So I was reading this comment on slashdot, when I realized what was missing from El Niquador's implementation of the Stone Society:
Originally my plan was to have each "contributing citizen" - an Officer in the Stone Society - recieve a quantity of stones at each terms elapsement. These would travel as for votes, and work similarly. Trade for goods would be set up using a similar, parallel, but distinct system (because I dislike the money = power equation that seems to arise in Stone Society naive implementations I can envision). The stones and the moneystones both decay which is to say their value lessens over time. To keep it simple, they have an expiry date. This keeps the economy moving, right? Sure. But what, as my mother pointed out last time I talked to her about it, about savings? What if you want to buy something big? The last thing I want is for a debt-system to appear in El Niquador. Debt is poison! Badness!

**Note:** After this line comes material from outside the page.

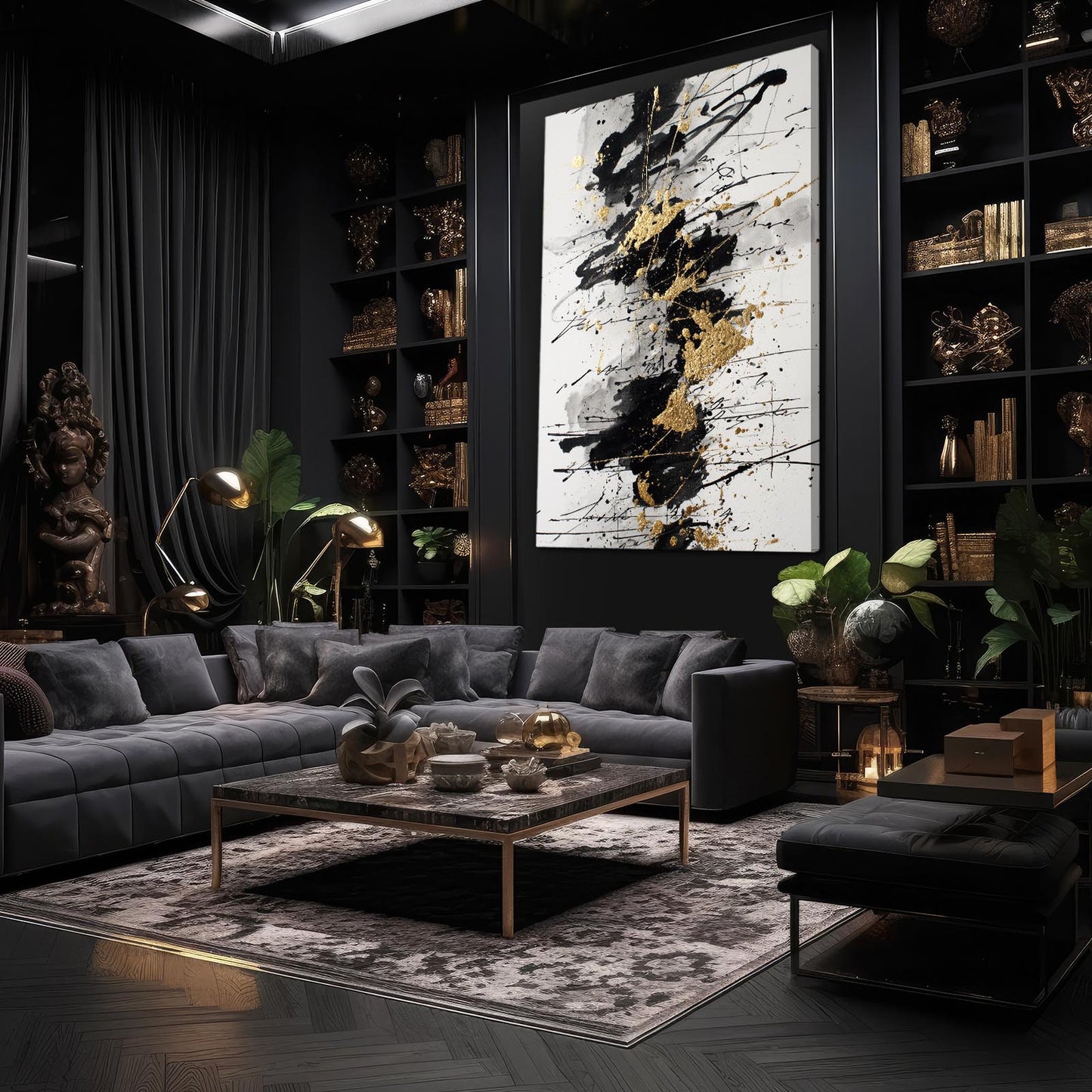 Splattered Gold Column Wall Art – styled in a furnished interior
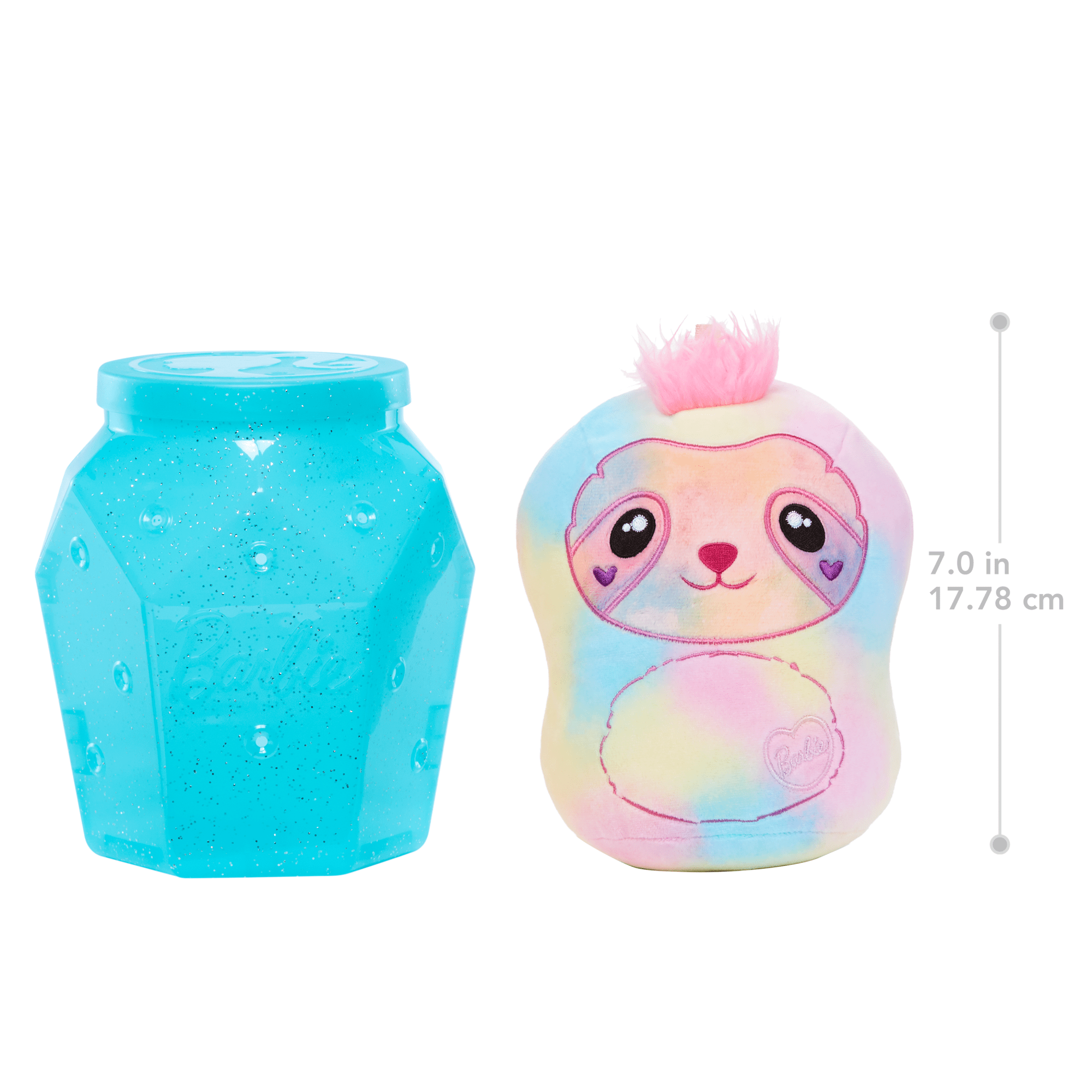 Barbie Tie-Dye Reveal Plush Toy, 7-Inch Stuffed Animal With Diy Washable Fabric Craft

I think a good answer would be to make it so that moneystones can be preserved for some significant multiple of terms by spending other moneystones on their preservation. Suppose that a term is one month: given two moneystones, both of which would normally expire in a month, you can spend one to keep the other usable for a year. Very cool.
Of course, looking back on the Stone Society, it really does seem to work better. I did sort of forget about the whole "new things need new money" aspect of an economy. And the word I was thinking of was demurrage.